## PROBLEM DETAILS
Type out the lines below exactly, pictures excluded.

## PROVIDED MATERIAL
--- START ---
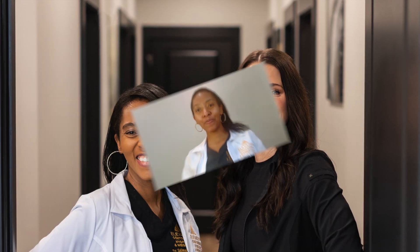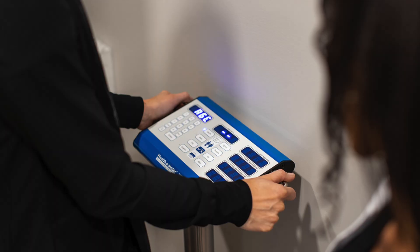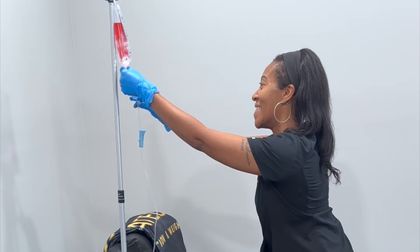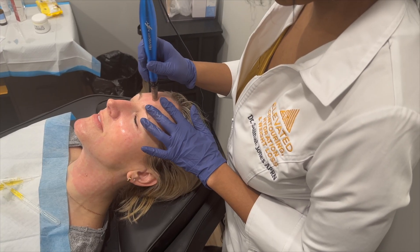Hi everybody, welcome back to our channel. It's Dr. Jones here. Today I want to talk about one of the tools that I use in my practice for patients who are looking to lose weight, but maybe they want a more natural approach, and that is a supplement called glucomannan.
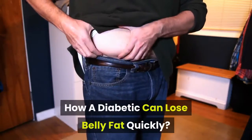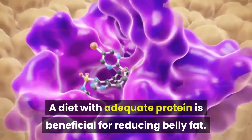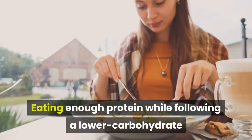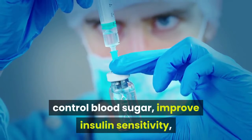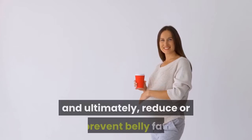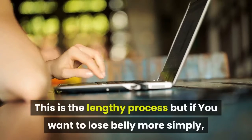How a diabetic can lose belly fat quickly: a diet with adequate protein is beneficial for reducing belly fat. Eating enough protein while following a lower-carbohydrate diet can be an effective way to feel full, control blood sugar, improve insulin sensitivity, and ultimately reduce or prevent belly fat. This is a lengthy process.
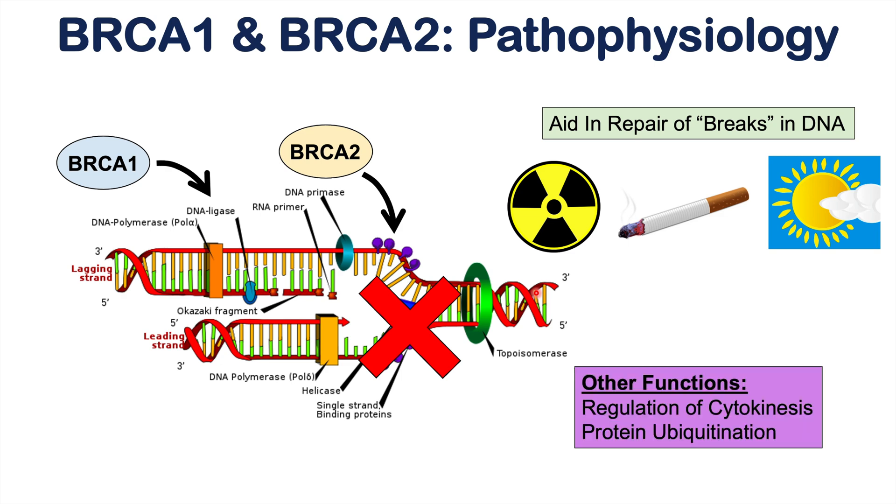BRCA1 and BRCA2 have other functions as well, including regulation of cytokinesis — the movement of chromosomes when cells are dividing. Both BRCA1 and BRCA2 are involved in regulation of cytokinesis, but BRCA1 is also involved in protein ubiquitination.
--- END ---
## ANSWER BELOW
Hi everybody, welcome back to our channel. It's Dr. Jones here. Today I want to talk about one of the tools that I use in my practice for patients who are looking to lose weight, but maybe they want a more natural approach, and that is a supplement called glucomannan.
How a diabetic can lose belly fat quickly: a diet with adequate protein is beneficial for reducing belly fat. Eating enough protein while following a lower-carbohydrate diet can be an effective way to feel full, control blood sugar, improve insulin sensitivity, and ultimately reduce or prevent belly fat. This is a lengthy process.
BRCA1 and BRCA2 have other functions as well, including regulation of cytokinesis — the movement of chromosomes when cells are dividing. Both BRCA1 and BRCA2 are involved in regulation of cytokinesis, but BRCA1 is also involved in protein ubiquitination.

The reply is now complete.